:: YOUR GOAL ::
Copy each line below word for word and drop every image.

:: PROVIDED DATA ::
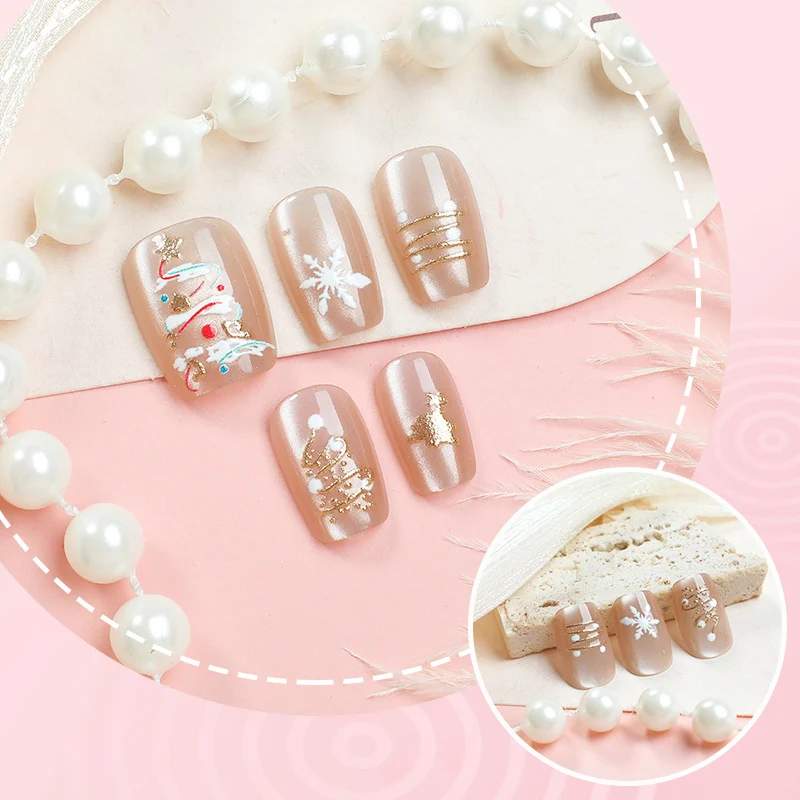 Elegantes Künstlerisches Press-On Nagelkunst Set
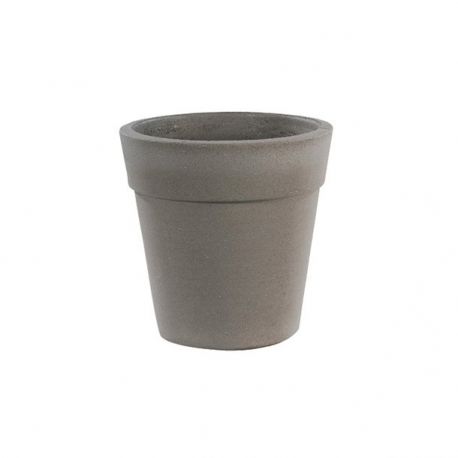 Pot horticole tendance en pierre grise ou blanche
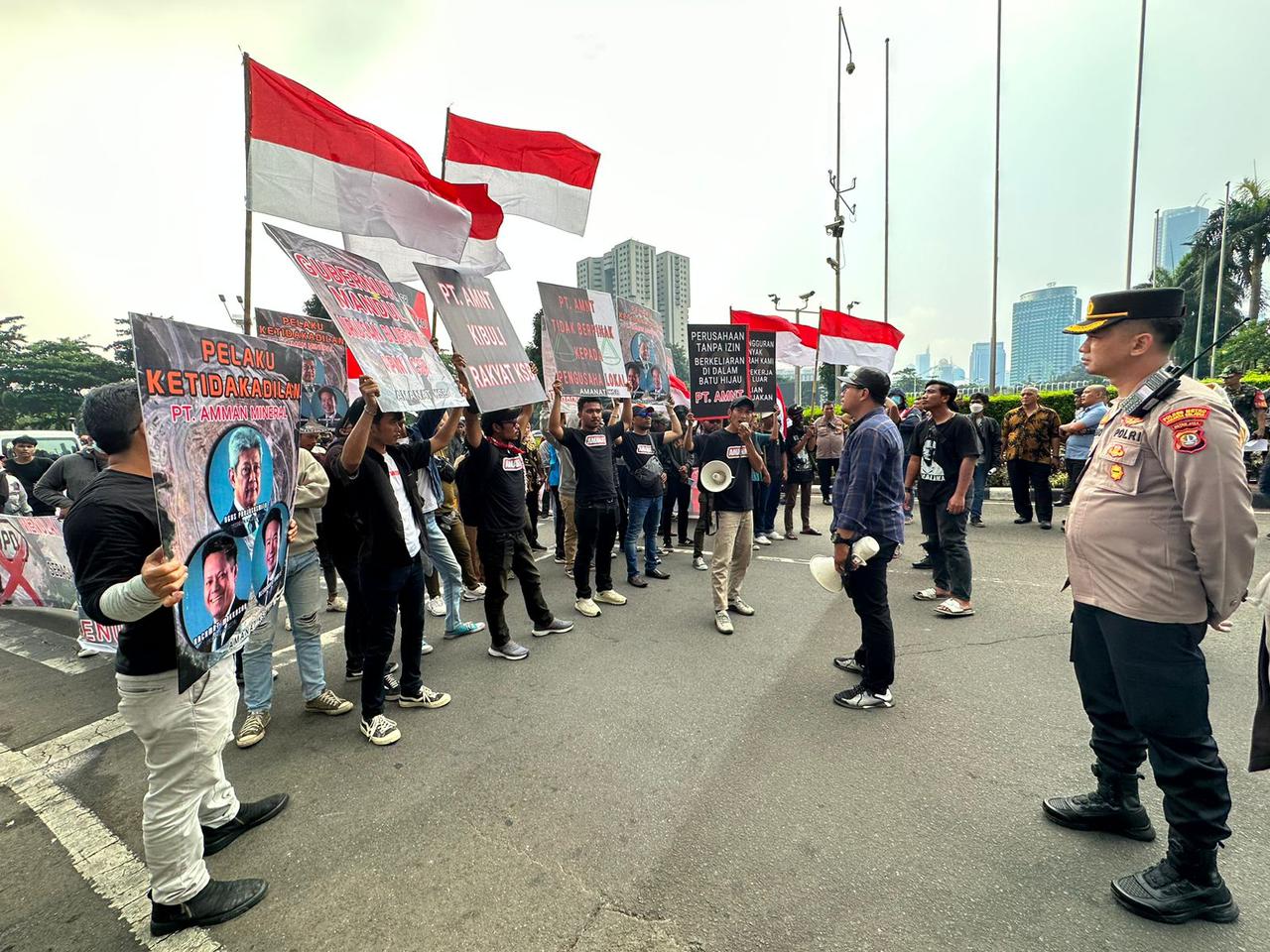 Demonstrasi Amanat KSB/SinPo.id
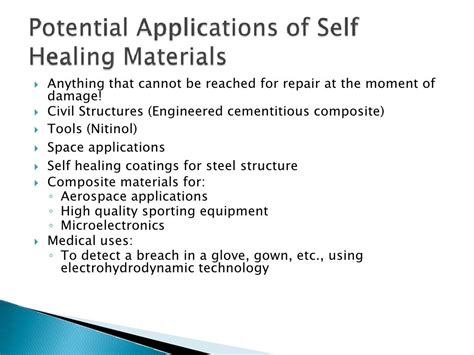 Self healing Materials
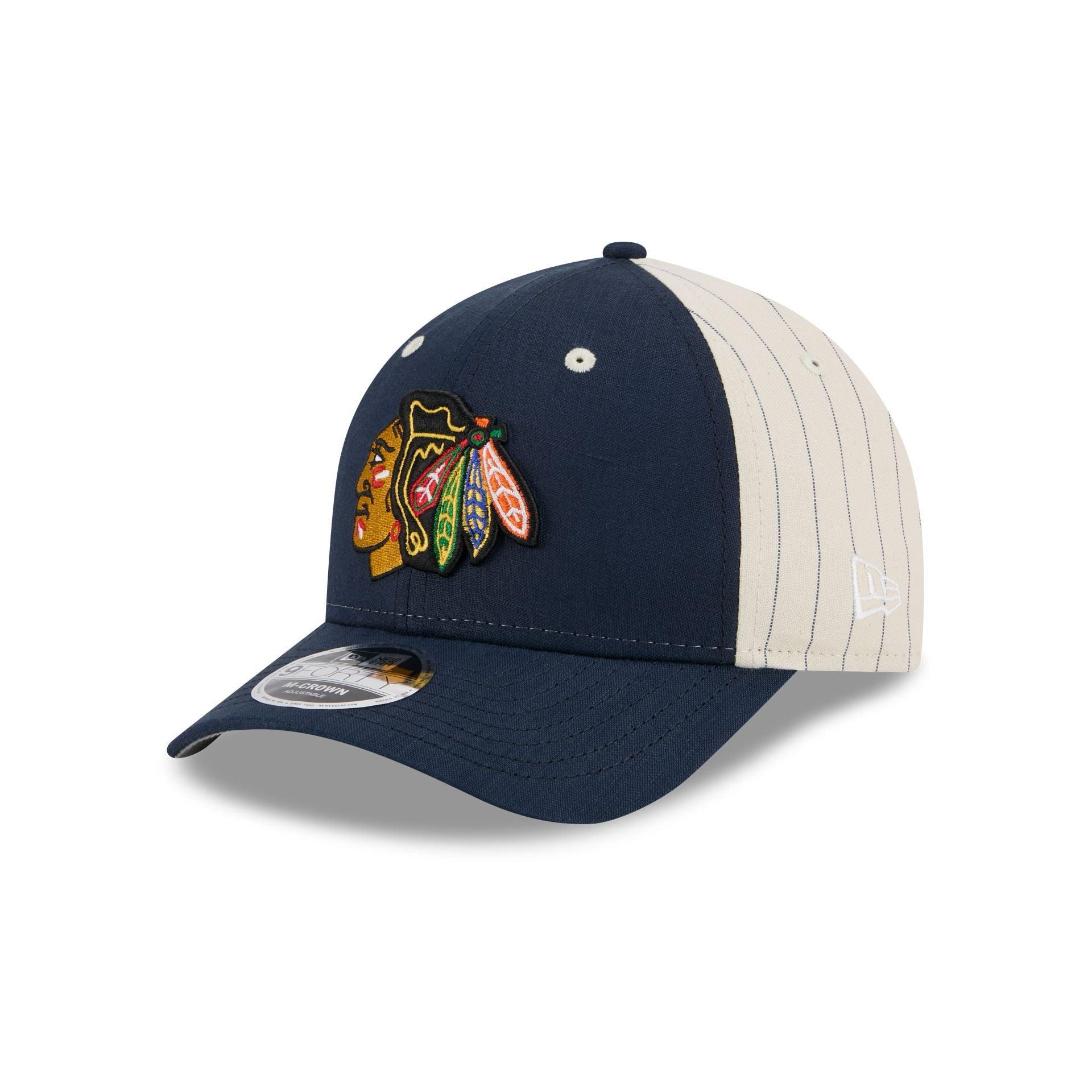 New York Rangers Linen 9FORTY M-Crown Snapback Hat Male Product Image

:: WRITTEN ANSWER ::
 Elegantes Künstlerisches Press-On Nagelkunst Set
 Pot horticole tendance en pierre grise ou blanche
 Demonstrasi Amanat KSB/SinPo.id
 Self healing Materials
 New York Rangers Linen 9FORTY M-Crown Snapback Hat Male Product Image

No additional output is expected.